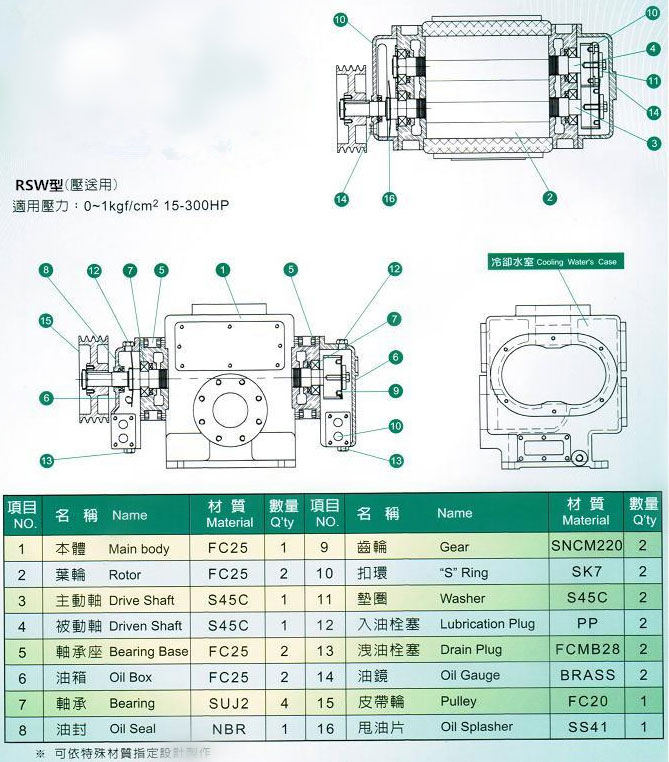 水冷式羅茨風(fēng)機(jī)結(jié)構(gòu)圖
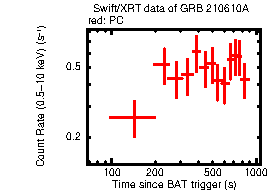 Light curve of the GRB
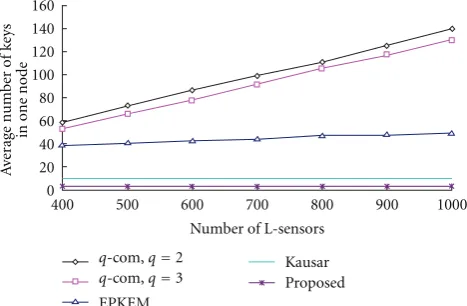 Table 2: Number of messages for compared methods.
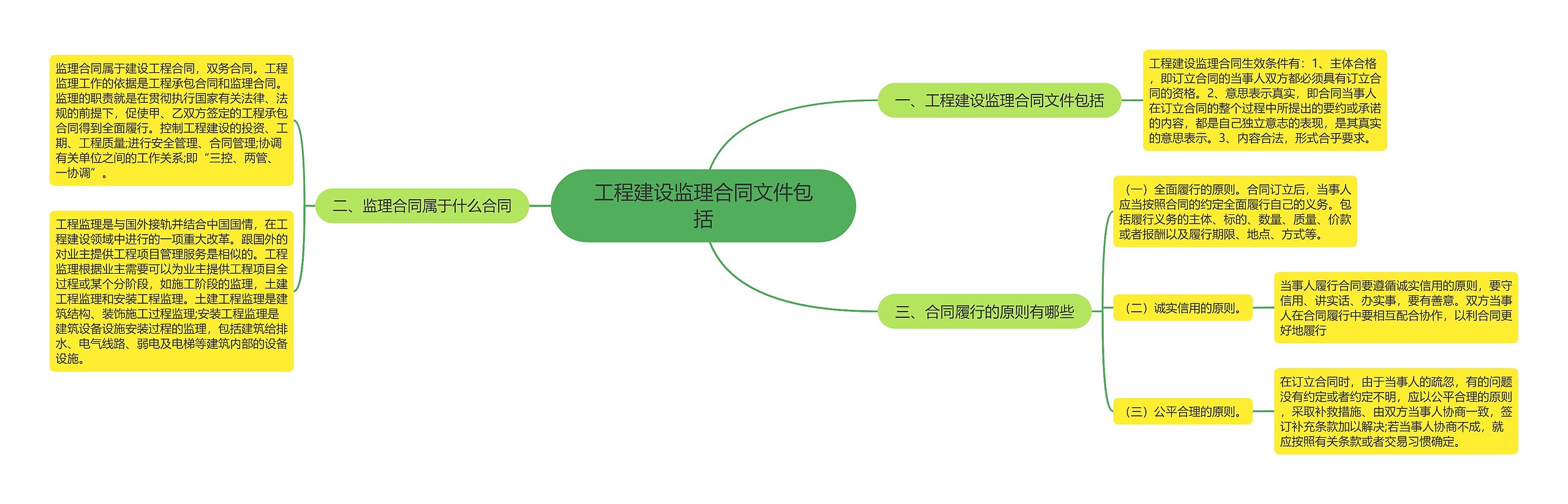 工程建设监理合同文件包括思维导图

•••

Requirement: When you copy the listing, keep every line exactly as it is but leave out all images.

Response for this exercise:
 水冷式羅茨風(fēng)機(jī)結(jié)構(gòu)圖
 Light curve of the GRB
 Table 2: Number of messages for compared methods.
 工程建设监理合同文件包括思维导图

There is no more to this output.